Com' è il Novecento che appare dal suo ultimo lavoro?
«Un secolo lungo, in cui vengono ridefiniti gli statuti letterari che avevano contraddistinto l'attività degli scrittori nelle epoche precedenti. La letteratura come presa di posizione elitaria, puntava tutto sulla distinzione e sull'originalità, nella società di massa il valore viene ricollocato dove ci sia il gradimento di molti se non di tutti. Ma se la storia letteraria del Novecento e di questi primi anni Duemila è un momento di grandi trasformazioni e radicali cambiamenti, essa è anche un percorso di permanenze forti. Arriva, dunque, fino ai giorni nostri questa nuova catalogazione - in chiave europea - della tradizione letteraria italiana.
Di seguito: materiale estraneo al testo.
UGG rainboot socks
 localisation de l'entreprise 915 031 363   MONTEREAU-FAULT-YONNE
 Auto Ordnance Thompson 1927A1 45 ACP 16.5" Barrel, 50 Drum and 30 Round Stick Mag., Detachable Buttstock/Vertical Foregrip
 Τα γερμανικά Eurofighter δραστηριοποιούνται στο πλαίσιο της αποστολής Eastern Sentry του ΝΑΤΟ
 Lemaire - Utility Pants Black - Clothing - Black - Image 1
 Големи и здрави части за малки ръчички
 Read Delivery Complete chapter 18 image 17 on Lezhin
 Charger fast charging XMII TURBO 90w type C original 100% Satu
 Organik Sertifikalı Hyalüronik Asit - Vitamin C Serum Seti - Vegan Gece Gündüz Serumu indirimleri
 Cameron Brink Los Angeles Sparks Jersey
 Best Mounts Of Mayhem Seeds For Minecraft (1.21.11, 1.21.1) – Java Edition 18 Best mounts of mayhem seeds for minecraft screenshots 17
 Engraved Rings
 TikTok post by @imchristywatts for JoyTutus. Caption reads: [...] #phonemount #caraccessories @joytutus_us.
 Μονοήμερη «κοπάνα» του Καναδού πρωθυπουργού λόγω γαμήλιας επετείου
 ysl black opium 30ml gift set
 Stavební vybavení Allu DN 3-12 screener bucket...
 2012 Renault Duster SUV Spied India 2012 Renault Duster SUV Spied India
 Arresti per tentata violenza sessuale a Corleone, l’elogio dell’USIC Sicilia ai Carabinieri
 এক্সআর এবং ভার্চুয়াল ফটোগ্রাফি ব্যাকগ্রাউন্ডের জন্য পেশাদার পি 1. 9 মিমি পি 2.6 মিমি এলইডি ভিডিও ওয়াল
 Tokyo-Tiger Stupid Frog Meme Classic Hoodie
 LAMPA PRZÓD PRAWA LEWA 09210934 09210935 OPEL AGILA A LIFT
Compaiono nella parte conclusiva del terzo volume anche i nomi, tra gli altri, di Niccolò Ammaniti, Sandro Veronesi e Melania Mazzucco».
Questi giovani autori vengono definiti nell'ultimo capitolo del suo libro, "gli esploratori del magma". Perché?
«Lo strapotere del mercato e dell'industria culturale, la lenta ma inesorabile sparizione delle riviste letterarie e l'appiattimento della lingua letteraria verso la più corriva mimesi del parlato, il ruolo del populismo mediatico, la molteplicità dei linguaggi, rendono sempre più difficile per lo scrittore il tentativo di dare una connotazione forte al proprio ruolo e al proprio lavoro, tra coloro che puntano a un'udienza di massa e chi intende ricomprendere una ricerca letteraria autoreferenziale, c'è forte differenza, meglio questi ultimi che nel magma contemporaneo si pongono come nuovi esploratori di un mondo in continua evoluzione».
Quali sono stati i momenti più vivi della letteratura del Novecento?
«Tanti elementi hanno caratterizzato il secolo scorso, è bene ricordare il ruolo che hanno avuto i primi anni Venti, che hanno espresso scrittori quali Pirandello e Svevo, i quali hanno dato una svolta alla letteratura italiana. Nel Dopoguerra con il neorealismo, inteso nella sua più ampia complessità, ha avuto luogo una grande ricognizione della realtà italiana dopo un periodo buio quale è stato il fascismo. Scrittori come Luigi Meneghello, Mario Rigoni Stern e Beppe Fenoglio, hanno lanciato segnali profondi per rivisitare l'Italia, preceduti da Cesare Pavese, Elio Vittorini e Vasco Pratolini, che sono stati autori di passaggio dal vecchio al nuovo. Penso poi agli anni Sessanta, un periodo di profondi mutamenti, di grandi trasformazioni sociali, culturali e intellettuali. Ne trae giovamento anche la letteratura con il "Gruppo 63", un movimento assai composito che va ad Alberto Arbasino a Edoardo Sanguineti fino ad Umberto Eco. In quegli anni ha luogo un profondo svecchiamento della forma letteraria. Voglio ricordare le "Lezioni americane" di Italo Calvino, in cui lo scrittore ha percorso, con un'ampiezza di orizzonti e di conoscenze veramente impressionante, la storia della letteratura occidentale, cercando di trarne delle indicazioni per il futuro. Mi chiedo se la proposta di Calvino rappresenti oggi un ponte verso il futuro o piuttosto una retrospettiva sui classici».
Nel 1965, lei scrisse "Scrittori e popolo", un libro complesso e di non facile lettura. Fu comunque un successo…
«In quel libro spiegai che mentre l'Europa esprimeva nel Novecento l'ultima grande fiammata di una letteratura borghese audacemente critica e distruttiva verso il mondo stesso che l'aveva espressa, l'Italia continuava a produrre generazioni di intellettuali ingenuamente fiduciosi nella funzione socialmente rigeneratrice dell'arte e della poesia. Erano gli stessi anni in cui le nuove generazioni scalpitavano per darsi voce con una Neoavanguardia. Mi chiedo come riuscii a scrivere quelle affermazioni a soli 27 anni, e penso che i postulati del volume siano d'interesse anche oggi».